Other columns need similar cleaning, such as Beds, FloodInfo, and YearBuilt.

word = 'bed'
new_df = new_df[new_df["Beds"].str.contains(word) == True]
word = 'Year Built'
new_df = new_df[new_df["YearBuilt"].str.contains(word) == True]
word = 'Flood Factor'
new_df = new_df[new_df["FloodInfo"].str.contains(word) == True]

The Style column is a total mess because many/most listings do not include this information. For now, we will simply drop it to save time parsing the mess.

new_df = new_df.drop('Style',axis=1)

Using Featuretools to speed up data cleaning.

The Featuretools library has a few great data cleaning tools we will use to save time. Specifically:

  • remove_low_information_features: Keep only features that have at least 2 unique values and that are not all null
  • remove_highly_null_features: Removes columns from a feature matrix that have higher than a set threshold of null values.
  • remove_single_value_features: Removes columns in feature matrix where all the values are the same..
  • remove_highly_correlated_features: Removes columns in feature matrix that are highly correlated with another column.
from featuretools.selection import remove_low_information_features, remove_highly_null_features, remove_single_value_features, remove_highly_correlated_features
df = new_df.copy()
"""Select features that have at least 2 unique values and that are not all null"""
df_t = remove_low_information_features(df)
"""Removes columns from a feature matrix that have higher than a set threshold"""
df_t = remove_highly_null_features(df_t)
"""Removes columns in feature matrix where all the values are the same."""
df_t = remove_single_value_features(df_t)
"""Removes columns in feature matrix that are highly correlated with another column."""
df_t = remove_highly_correlated_features(df_t)

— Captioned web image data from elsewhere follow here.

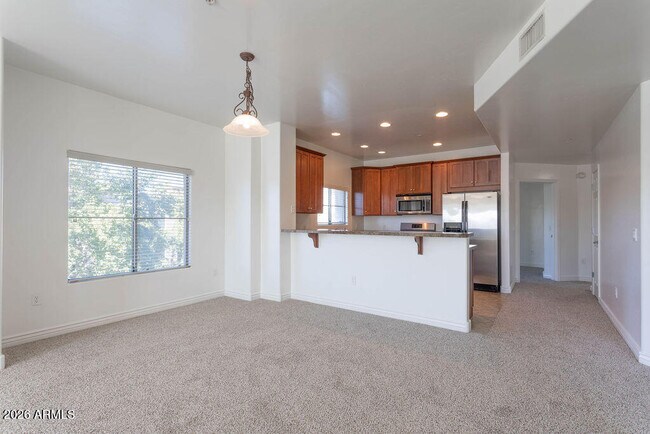 Building Photo - 5450 E Deer Valley Dr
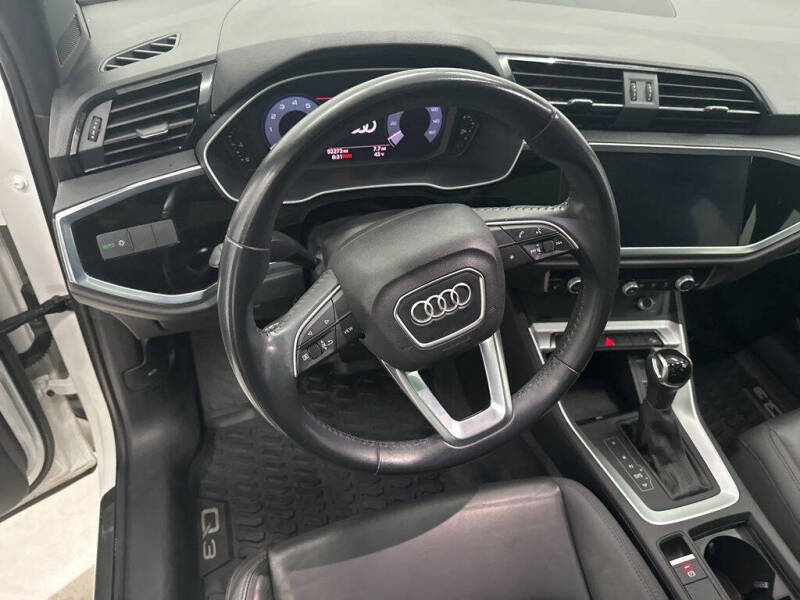 2020 Audi Q3 quattro Premium 45 TFSI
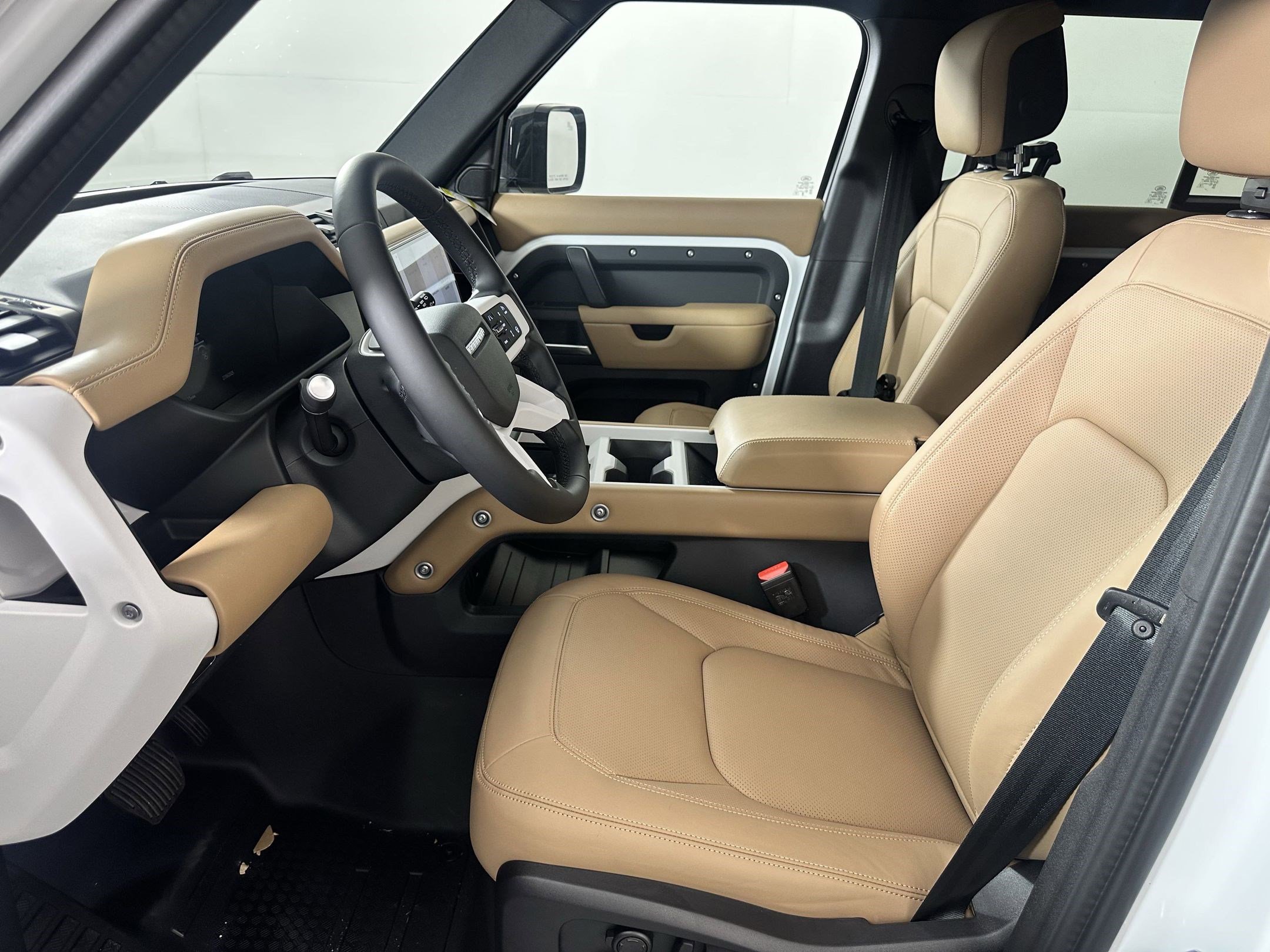 2025 Land Rover Defender 110 X-Dynamic SE photo 4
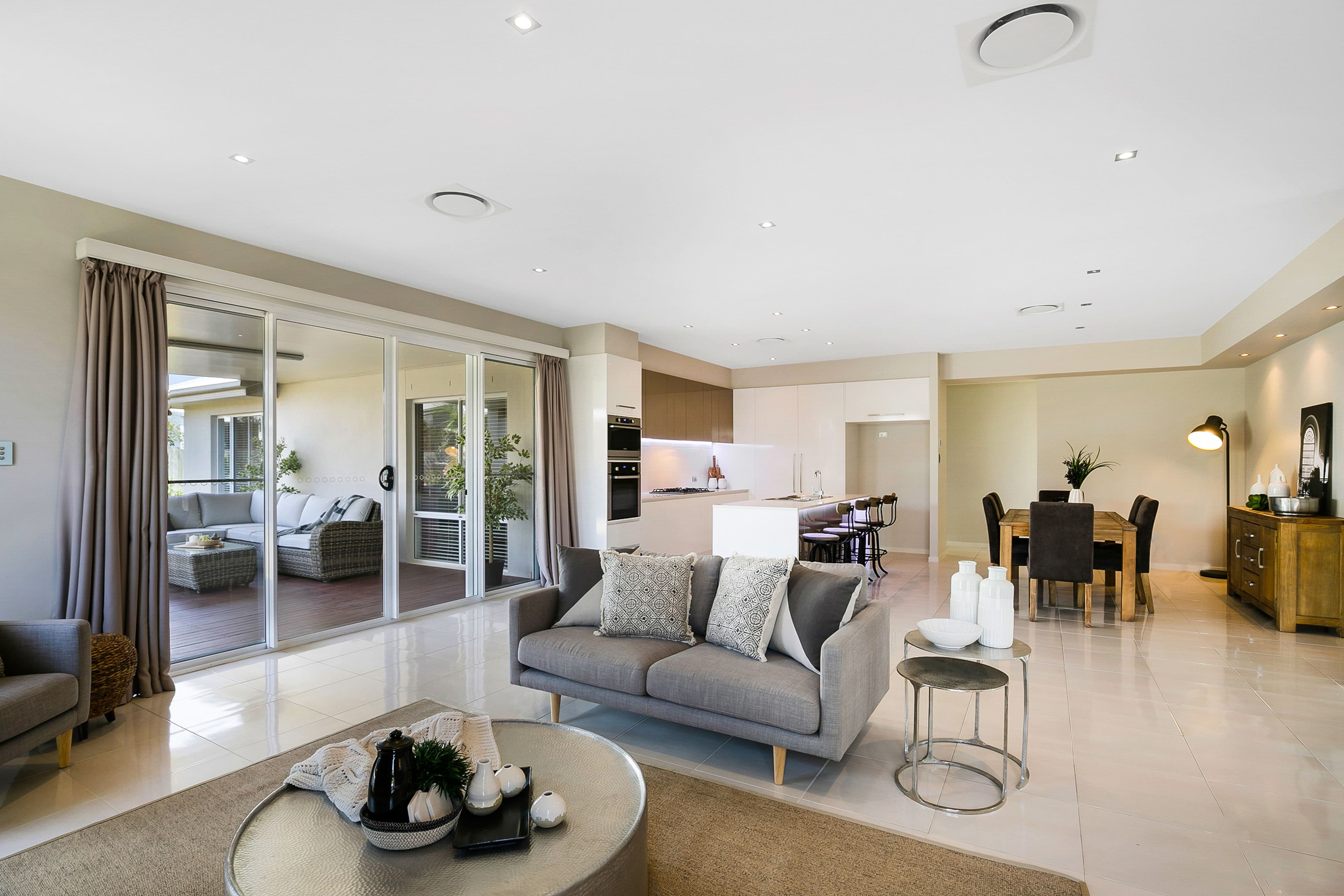 18 Beardsworth Court, Middle Ridge QLD 4350, Middle Ridge - Thumbnail 2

Clean up the Flood Risk Data

The Flood Risk Data is a prominent feature of this study, so we want to clean up the formatting a bit.

df_t[['FemaInfo','FloodFactorInfo']] = df_t.FloodInfo.str.split(' • ', expand=True) 
df_t['FloodFactorInfo'] = df_t['FloodFactorInfo'].astype(str).str.replace('/10 New','').str.replace('Flood Factor ','')
df_t['FemaInfo'] = df_t['FemaInfo'].astype(str).str.replace('FEMA Zone ','').str.replace('(est.)','')

Clean up the Numerical Features

We cannot reformat things like Area and Baths and Year Built and Days on Realtor.com as long as they contain text characters, so we need to remove these in order to correctly format the dataset for training our model.

df_t['Beds'] = df_t['Beds'].str.replace('bed','')
df_t['Baths'] = df_t['Baths'].str.replace('bath','')
df_t['Noise'] = df_t['Noise'].str.replace('Noise:','')
df_t['PropertyType'] = df_t['PropertyType'].str.replace('Property Type','')
df_t['DaysOnRealtor'] = df_t['DaysOnRealtor'].str.replace('Days on Realtor.com','').str.replace('Days','')
df_t['Area'] = df_t['Area'].str.replace('sqft','').str.replace(',','')
df_t['Price'] = df_t['Price'].str.replace('$','').str.replace(',','').str.replace(',','')
df_t['PricePerSQFT'] = df_t['PricePerSQFT'].astype(str).str.replace(',','')
df_t['YearBuilt'] = df_t['YearBuilt'].astype(str).str.replace('Year Built','')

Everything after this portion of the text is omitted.